“Lincoln”: A Striking Political Epic
By Matt Patton
There are few directors bold enough to tackle historical subject matter from one of the most controversial points in American history. Even less are the actors capable of portraying one of the most influential men (arguably the most influential man) to ever lead our country. In Lincoln, released this past Friday, it appears that Steven Spielberg and Daniel Day-Lewis are the director and actor respectively suited to those tasks.
The opening sequence of Lincoln begins two months after his re-election as President of the United States. The Civil War continues to ruthlessly wage between the Union and Confederacy, and the 13th Amendment is being introduced into the House of Representatives. Should the amendment pass by a majority vote, it will be added to the Constitution, officially abolishing slavery. The film focuses heavily on both Lincoln’s struggle to end the war decimating his country and outlaw the act that started the war in the first place.
Though not to demean or take away from Spielberg or the excellent crew in any regard, I attribute much of the picture’s achievement to the actors that make up not only the main cast, but the ancillary cast as well. Without doubt, this was one of the best acted films of 2012, and this is something truly evident onscreen. Daniel Day-Lewis himself is (as usual) impeccable as Abraham Lincoln. A two-time Oscar-winner already (My Left Foot, There Will Be Blood), Day-Lewis’ performance in Lincoln will almost assuredly garner him another nomination for his honest, down-to-earth portrayal of our 16th president. The most striking thing, for me anyway, was that by the end of the film I felt like this Abraham Lincoln was some sweet, old grandfather of mine that has plenty of stories to tell (some appropriate, some inappropriate). It truly felt like he was an ordinary man thrust into an extraordinary situation.
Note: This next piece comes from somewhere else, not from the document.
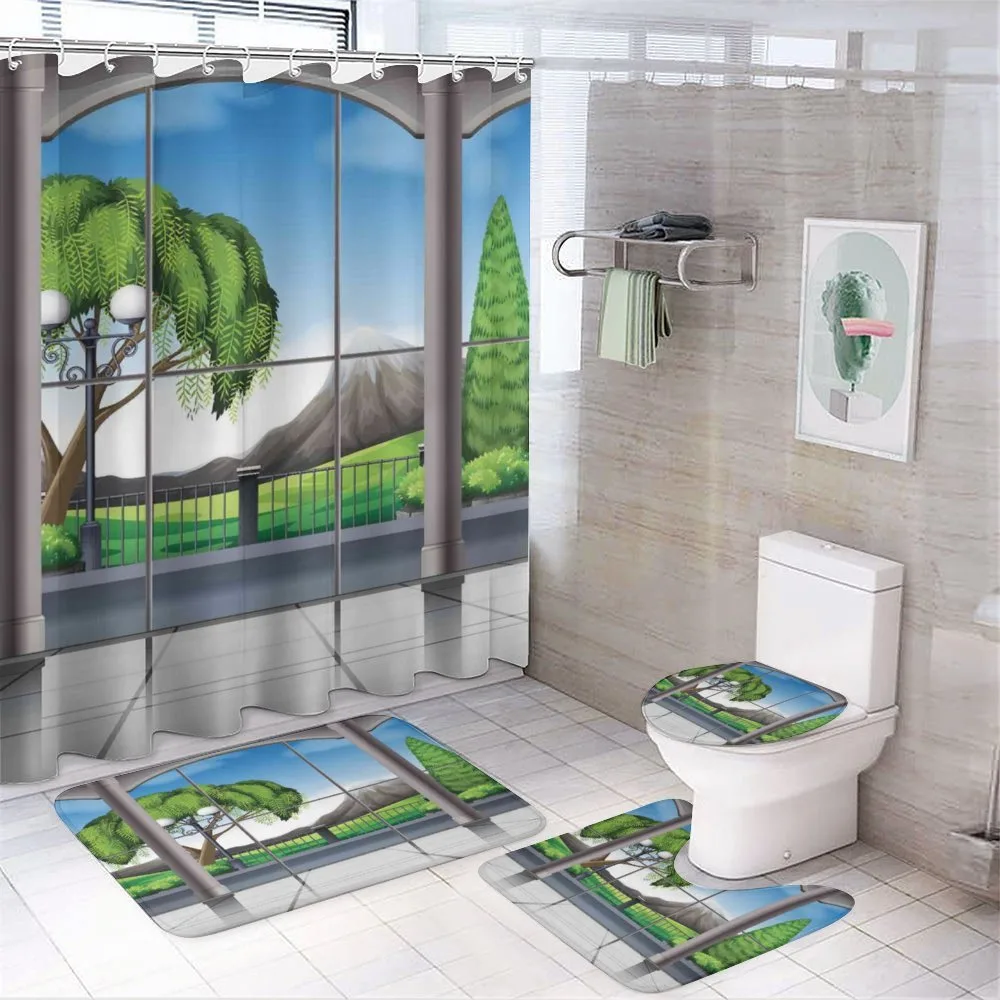 Window View Mountains 4-Piece Bathroom Set product video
Speaking of Oscars, I’d put heavy odds on nominations for two other roles from the film: Sally Field as Mary Todd Lincoln and Tommy Lee Jones as Rep. Thaddeus Stevens. I’ve never particularly been a huge Sally Field fan. However, she goes full crazy here as Mrs. Lincoln and I highly doubt the Academy will pass up the chance to give Field her third Oscar. Tommy Lee Jones, in another aspect, commanded a performance almost equal to that of the title character. He plays a member of Congress instrumental in the passing of the 13th Amendment. It’s a real scene-stealing performance on the part of Jones, who also rocks a killer perm in the movie.
I only had one gripe with the film, but it’s really nothing major. There were moments in the course of the plot where the writing just seemed sluggish. It was almost as if there were too many plot devices occurring at the same time, or that there were things that were brought up and then never touched on again. I can’t really put my finger on it. You might pick up on what I’m talking about once you see the film. Don’t get me wrong, not every aspect of the writing was like this throughout the film; the dialogue was consistently excellent.
Overall, this movie was fantastic. In case this didn’t convince you, Joseph Gordon Levitt is also in it.